Kedua, lubanghitam bukan
merupakan gerbang menuju dimensi ke-5. Skenario masuk ke lubanghitam sudah
dijelaskan sebelumnya. Lalu, bisakah lubanghitam menjadi pintu masuk ke dunia 5
dimensi? Jawabannya bisa. Kenapa? Karena ini 5 dimensi dan kita benar-benar
tidak tahu seperti apa rupanya. Di tempat manapun bisa menjadi pintu masuk ke
dunia 5 dimensi. Jadi, sebenarnya tidak perlu susah-susah manusia 5 dimensi ini
membujuk Cooper ke Gargantua, mereka dapat memasukkan Cooper ke dalam Tesseract
dari kamar tidurnya sekalipun. Interstellar akan menjadi film datar berdurasi 10 menit.
Ketiga, berada di dimensi yang
lebih tinggi belum tentu dapat menjelajahi waktu. Konsep dimensi tinggi tidak
begitu sederhana, dan tidak terlalu fiksi. Di dalam teori-M, dimensi ruang yang
digunakan mencapai 10 dimensi. Namun konsep dimensi di sini sepertinya berbeda
dengan yang ada di Interstellar. 10 dimensi ini merupakan dimensi-dimensi kecil
yang kemudian mengerut menjadi 3 dimensi. Hal yang paling penting adalah 10
dimensi ini masih merupakan dimensi ruang. Semuanya bersifat sama seperti 3
dimensi ruang yang kita kenal, dan masih ‘tunduk’ pada arus waktu sehingga
pernyataan “bagi makhluk 5 dimensi waktu dapat dijelajahi seperti dimensi
ruang” tidak valid. Komunikasi Dr. Cooper dengan anaknya tidak dapat terjadi,
walaupun sudah naik ke dunia 5 dimensi. Ada teori tentang dimensi tinggi yang
lain yang mengatakan bahwa dimensi ke-5 merupakan dimensi yang benar-benar
baru. Dia berbeda dengan ruang dan waktu yang telah kita kenal. Dengan teori
ini mungkin saja makhluk 5 dimensi itu bolak-balik antar waktu sesuka mereka.
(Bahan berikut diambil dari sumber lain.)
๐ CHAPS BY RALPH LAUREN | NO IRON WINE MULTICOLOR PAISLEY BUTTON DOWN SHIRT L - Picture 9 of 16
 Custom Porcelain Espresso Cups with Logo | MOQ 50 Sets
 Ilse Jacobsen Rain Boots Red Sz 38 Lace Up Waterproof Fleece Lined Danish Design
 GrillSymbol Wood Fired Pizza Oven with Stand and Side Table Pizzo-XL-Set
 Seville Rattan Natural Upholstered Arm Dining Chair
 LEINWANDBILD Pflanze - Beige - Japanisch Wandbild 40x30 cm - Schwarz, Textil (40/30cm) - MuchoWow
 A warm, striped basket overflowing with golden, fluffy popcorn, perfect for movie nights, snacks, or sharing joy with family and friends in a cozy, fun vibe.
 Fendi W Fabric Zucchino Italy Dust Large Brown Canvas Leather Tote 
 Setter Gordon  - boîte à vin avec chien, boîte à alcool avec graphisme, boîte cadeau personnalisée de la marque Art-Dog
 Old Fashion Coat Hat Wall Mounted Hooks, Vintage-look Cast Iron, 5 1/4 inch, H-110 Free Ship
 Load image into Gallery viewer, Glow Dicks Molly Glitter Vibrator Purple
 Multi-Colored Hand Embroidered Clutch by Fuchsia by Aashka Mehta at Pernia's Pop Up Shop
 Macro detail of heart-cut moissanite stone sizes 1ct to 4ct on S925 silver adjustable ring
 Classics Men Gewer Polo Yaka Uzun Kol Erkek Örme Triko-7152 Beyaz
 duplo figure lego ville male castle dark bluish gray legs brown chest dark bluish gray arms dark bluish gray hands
Sayangnya, beberapa percobaan mengarah pada kesimpulan yang menolak teori ini.
Penutup
Jika mengharapkan film ini
benar-benar saintifik, maka kita akan kecewa. Walaupun beberapa aspek, terutama
di bagian wormhole dan lubanghitam, dapat disajikan dengan bagus. Banyak bagian
yang mengandalkan plausible atau
‘mungkin terjadi’ secara ilmiah. Ya, secara ilmiah Indonesia bisa juara piala
dunia 2018, secara ilmiah kiamat zombie bisa terjadi, secara ilmiah mesin waktu
mungkin terjadi, secara ilmiah saat ini mungkin sedang terjadi konspirasi
besar-besaran untuk mengontrol populasi dunia. Dengan ukuran seperti ini, maka
film-film lain pun tidak kalah saintifik dari Interstellar, tentu dengan cerita
yang jauh lebih menarik. Terakhir, bagaimanapun rating film Interstellar ini, Kip Thorne and Chris Nolan have my respect.